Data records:

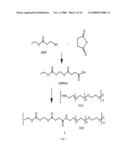 MACROMONOMERS AND HYDROGEL SYSTEMS USING NATIVE CHEMICAL LIGATION, AND THEIR METHODS OF PREPARATION diagram and image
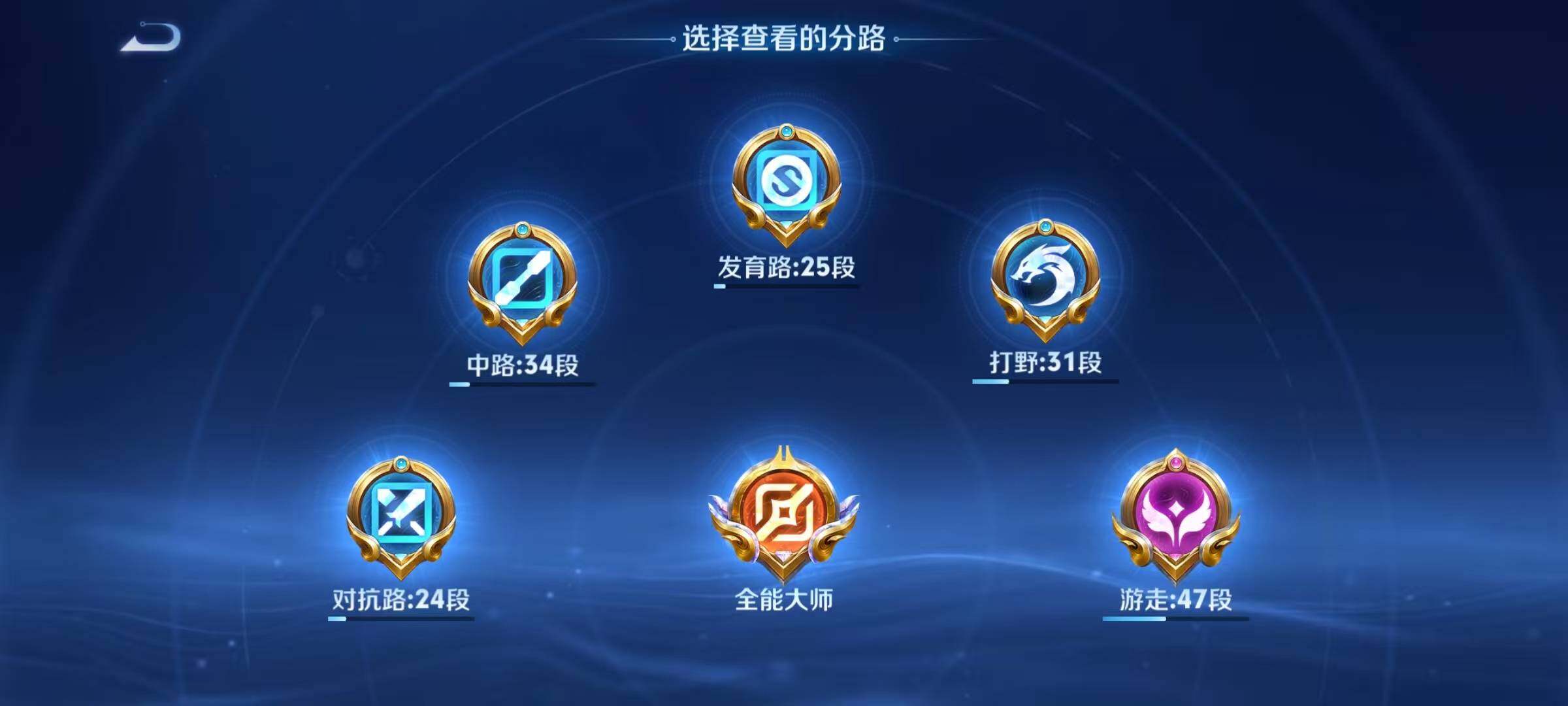 WZQM4496868王者荣耀账号详情图36 WZQM4496868王者荣耀账号详情图36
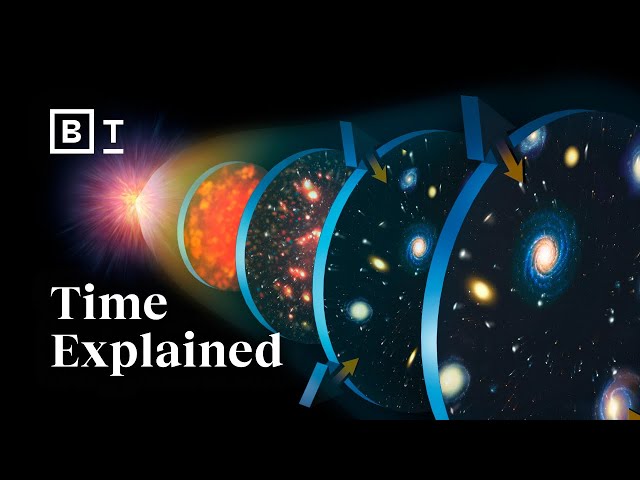 The mind-bending physics of time | Sean Carroll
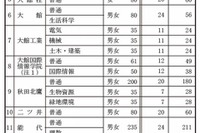 【高校受験2014】秋田県立高校の募集定員、前年度比267人減 画像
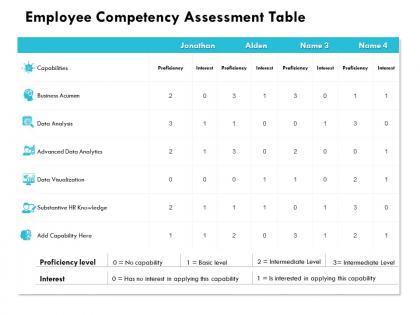 Employee competency assessment table data visualization powerpoint presentation gallery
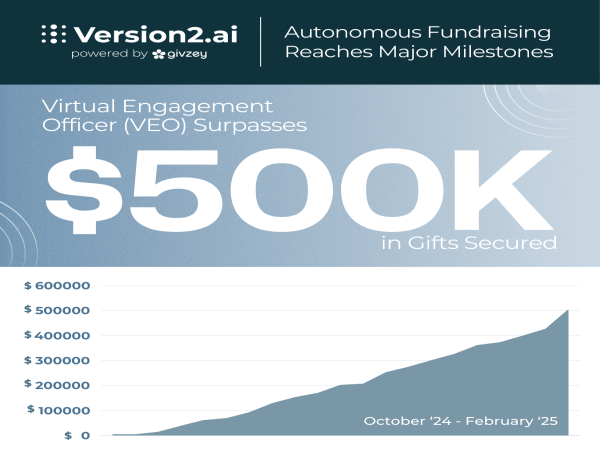  Givzey, Version2 Hit $500K in Autonomous Fundraising, Launch New AI Virtual Stewardship Officer 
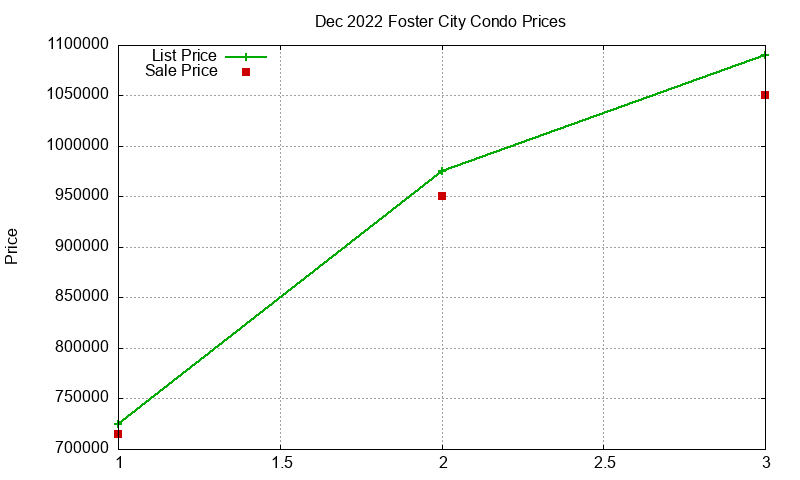Foster City Condos Just Sold 2022-12 Foster City Condos Just Sold 2022-12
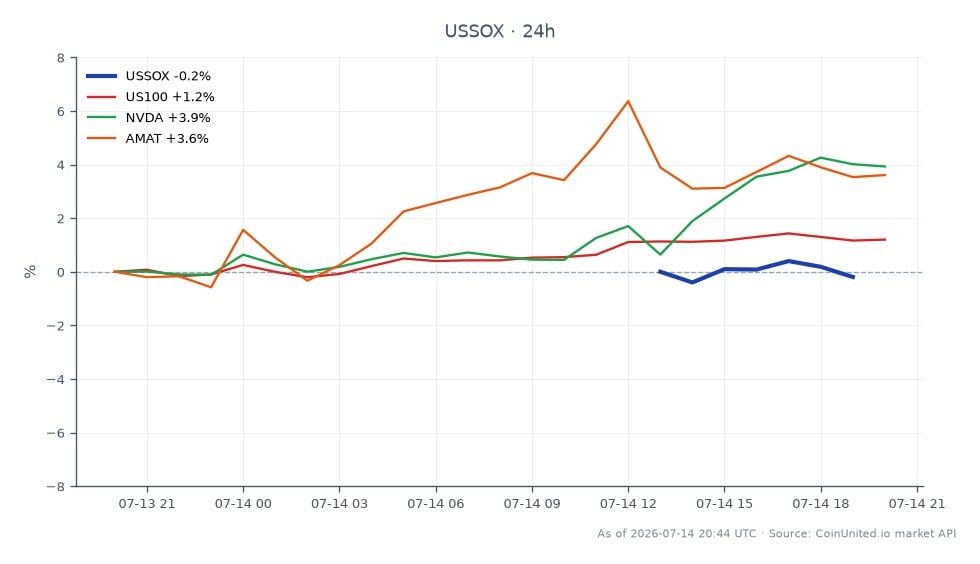 24시간 동안 PHLX 반도체 지수(SOX)의 성과를 보여주는 차트. 지수는 12,819.97에 개장하여 12,678.13으로 마감하여 1.11% 하락했습니다. 이 기간 동안 최고점은 12,832.85였고 최저점은 12,489.54였습니다. 대조적으로, US100 지수는 1.15%의 긍정적인 변화를 보이며 SOX에 비해 상대적인 강세를 나타냈습니다. 특히 Nvidia(NVDA)는 3.99%의 상당한 증가를 보였고 Applied Materials(AMAT)도 3.62% 상승하여 이 시장 부문의 리더로 부각되었습니다. 이러한 차이는 일부 주식이 지수 자체보다 더 나은 성과를 보이면서 반도체 부문 내 혼조된 심리를 시사합니다.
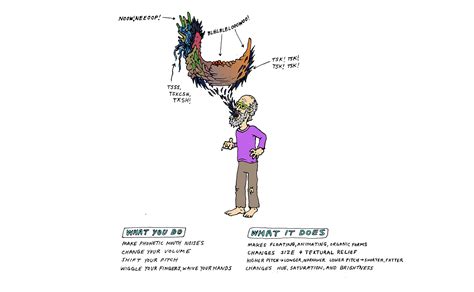 Examples of Visual Language 的图像结果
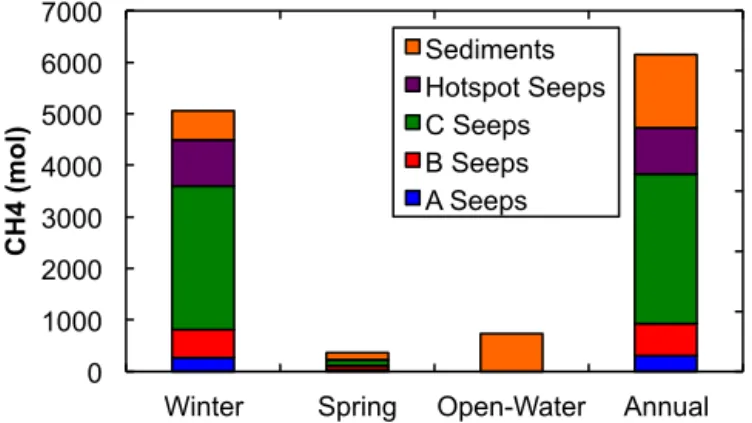 Figure 10. Seasonal and annual quantities of CH 4 dissolving into the water column from ebullition seeps and sediments in the  base-line version of the model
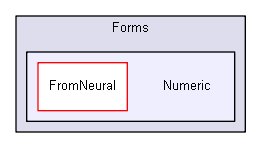 extensions/iglibext/Forms/Numeric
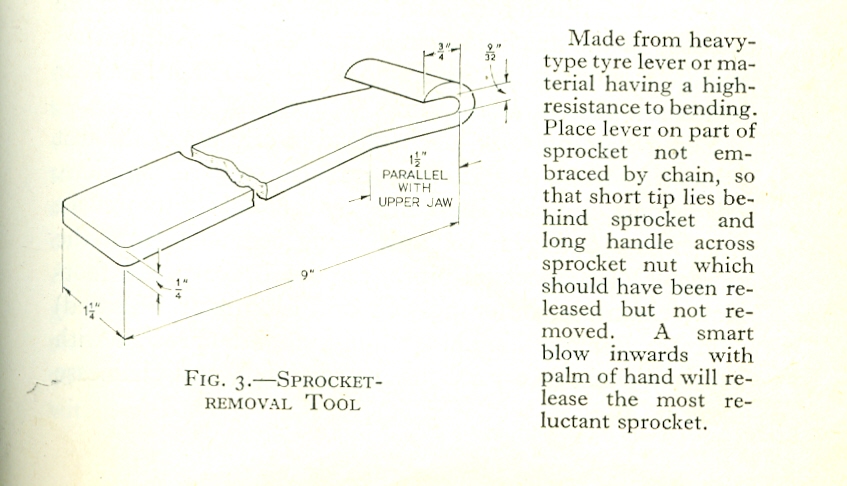 Mag Sprocket Tool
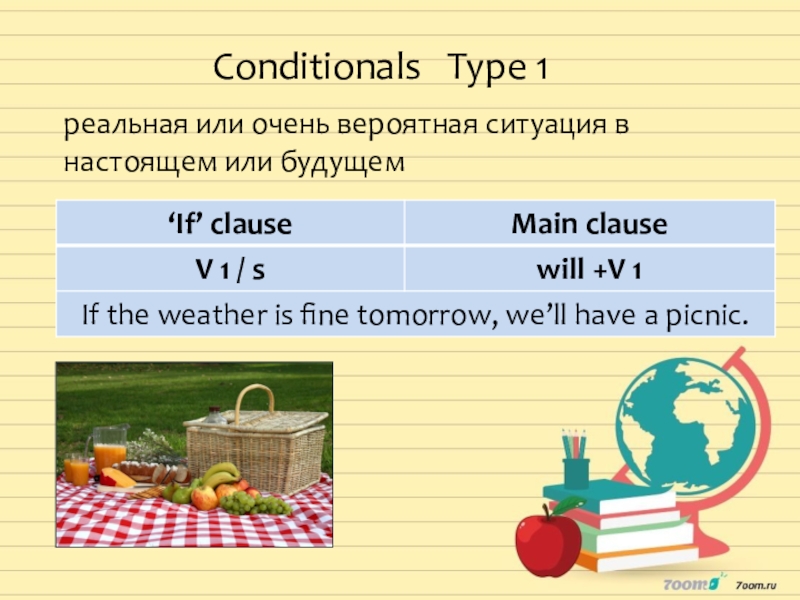 Conditionals в английском языке презентация 9 класс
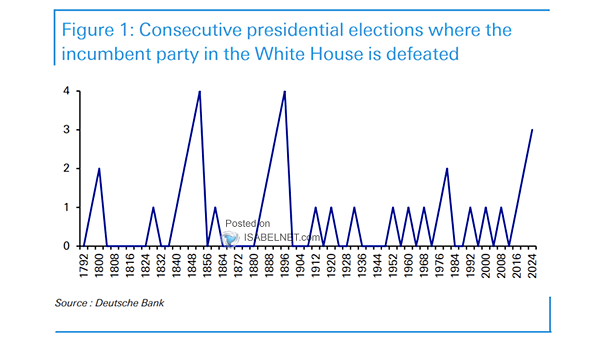 U.S. Presidential Election - Potential Scenario Based on Electoral Votes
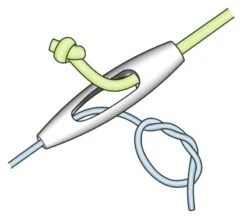 Stonfo Cast Connectors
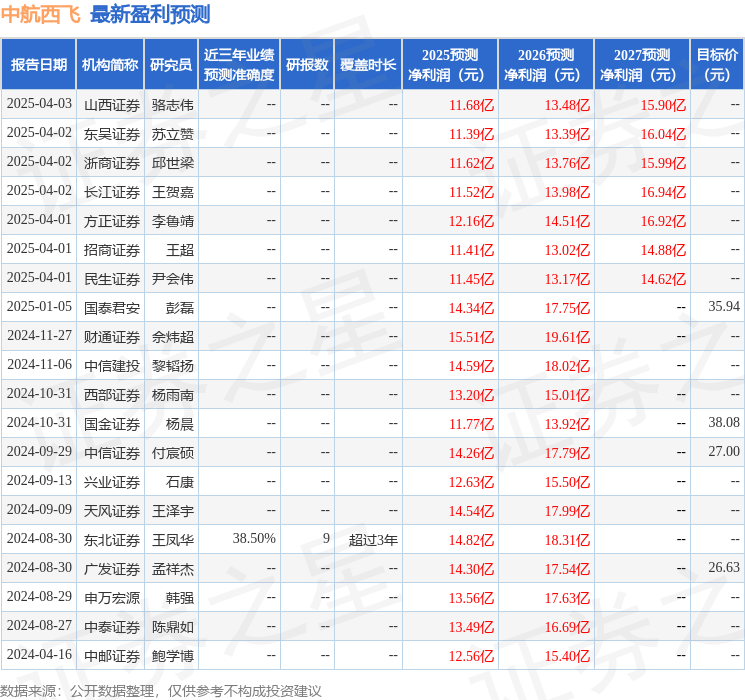 天风证券：给予中航西飞买入评级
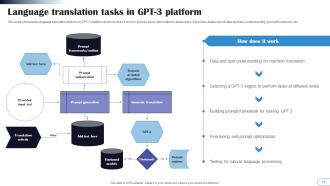 GPT3 Explained A Comprehensive Guide ChatGPT CD V Impactful Designed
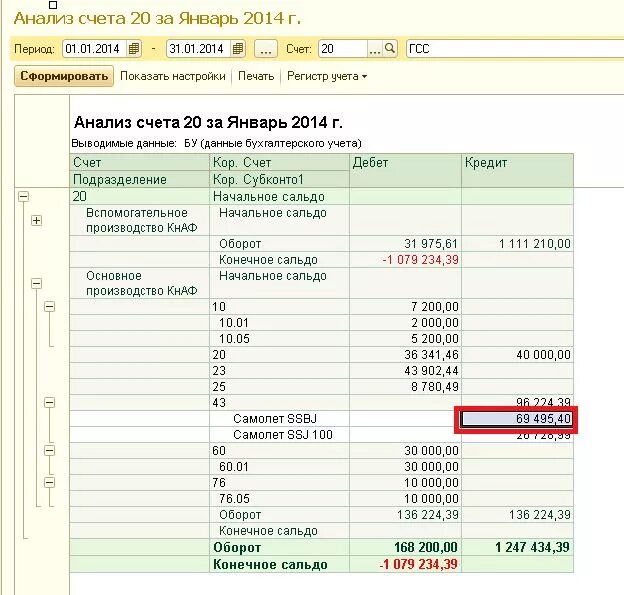 Анализ счета 60 по субконто пример. Анализ счета 20 вывод. Анализ счета 90. Анализ счета 51. Счет 19 5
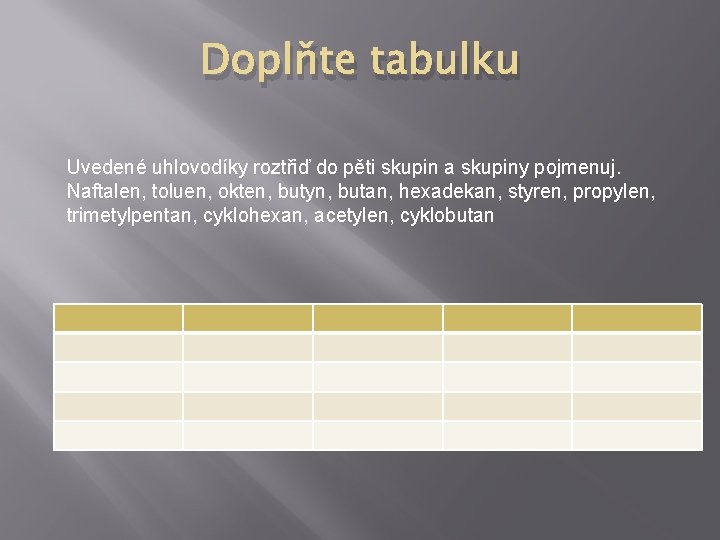 Doplňte tabulku Uvedené uhlovodíky roztřiď do pěti skupin a skupiny pojmenuj. Naftalen, toluen, okten,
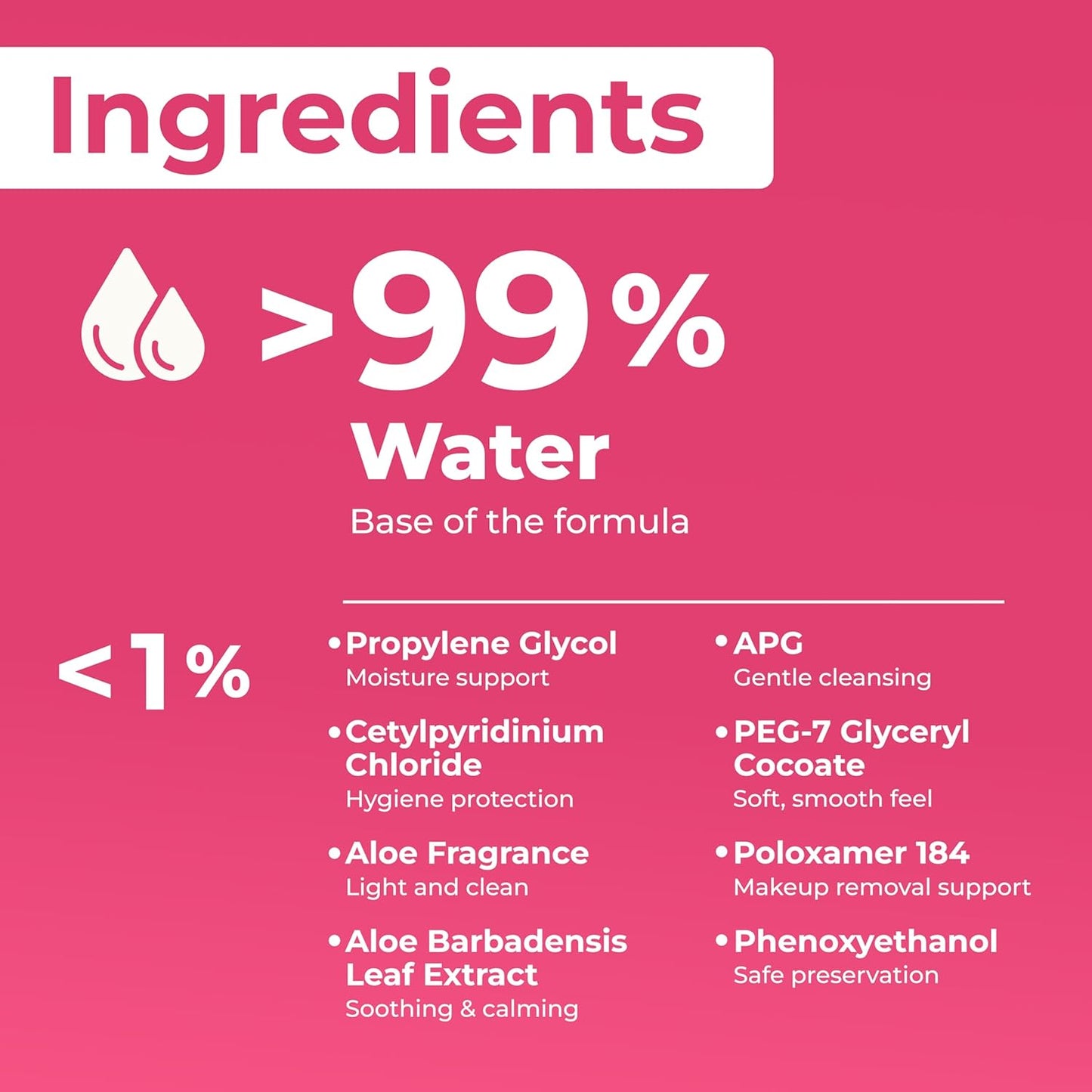 Impossibly Compact Travel Makeup Remover Wipes - 99% Water and Aloe - Ultra Soft, Safe for Sensitive Skin, Thick & Durable - Travel Essentials for Adults & Teens - Scented (24 Pack 144 Wipes)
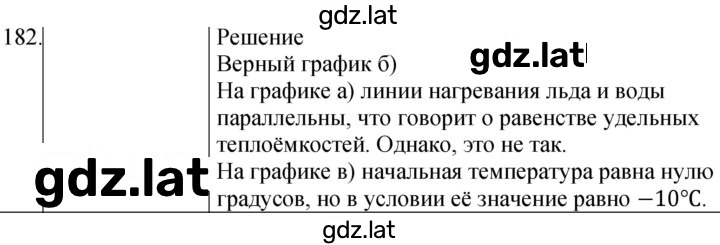 Решение задания № 182 — страница 1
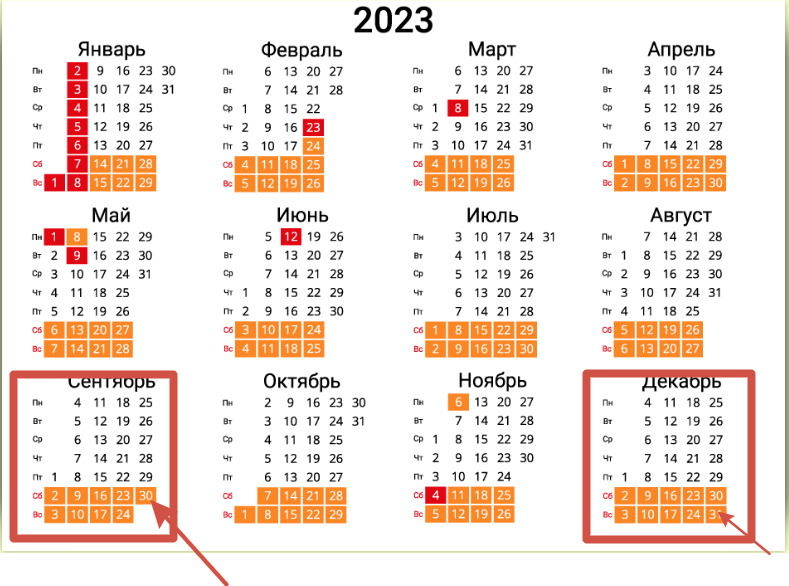 Март какой месяц по счету 2024. Июль месяц по счету. Июль какой месяц по счету. Календарь на этот месяц. Календарь на этот месяц 07. 2023.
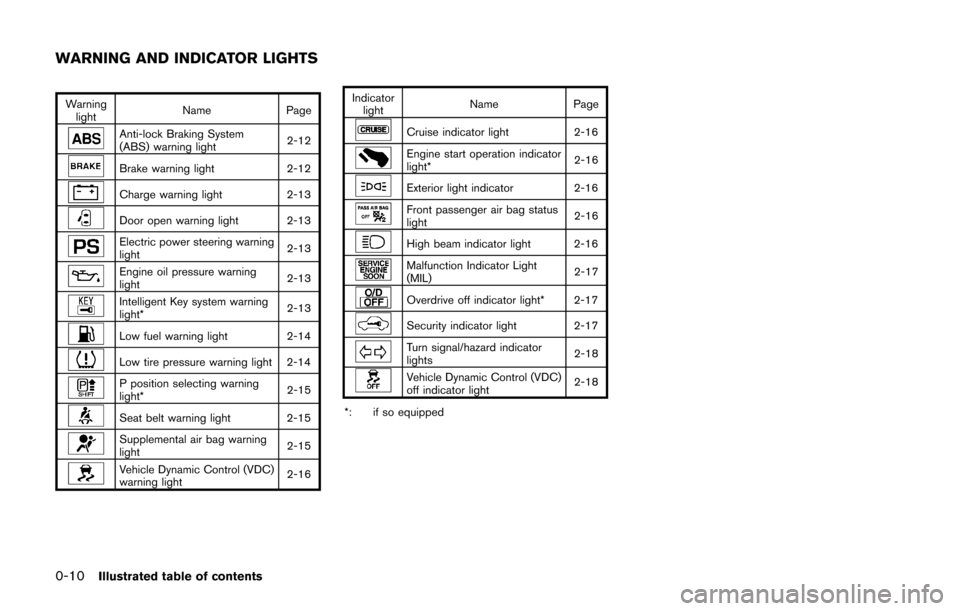 NISSAN CUBE 2014 3.G Owners Manual 0-10Illustrated table of contents
Warninglight Name
Page
Anti-lock Braking System
(ABS) warning light 2-12
Brake warning light
2-12
Charge warning light2-13
Door open warning light 2-13
Electric power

▶ _Brief_
Working from the entries above, please transcribe only the lines from the line with "WZQM4496868王者荣耀账号详情图36 WZQM4" through the line with "Foster City Condos Just Sold 2022-12 Foster", exactly, with both end lines and without pictures.

▶ _Output of the exercise_
 WZQM4496868王者荣耀账号详情图36 WZQM4496868王者荣耀账号详情图36
 The mind-bending physics of time | Sean Carroll
 【高校受験2014】秋田県立高校の募集定員、前年度比267人減 画像
 Employee competency assessment table data visualization powerpoint presentation gallery
  Givzey, Version2 Hit $500K in Autonomous Fundraising, Launch New AI Virtual Stewardship Officer 
Foster City Condos Just Sold 2022-12 Foster City Condos Just Sold 2022-12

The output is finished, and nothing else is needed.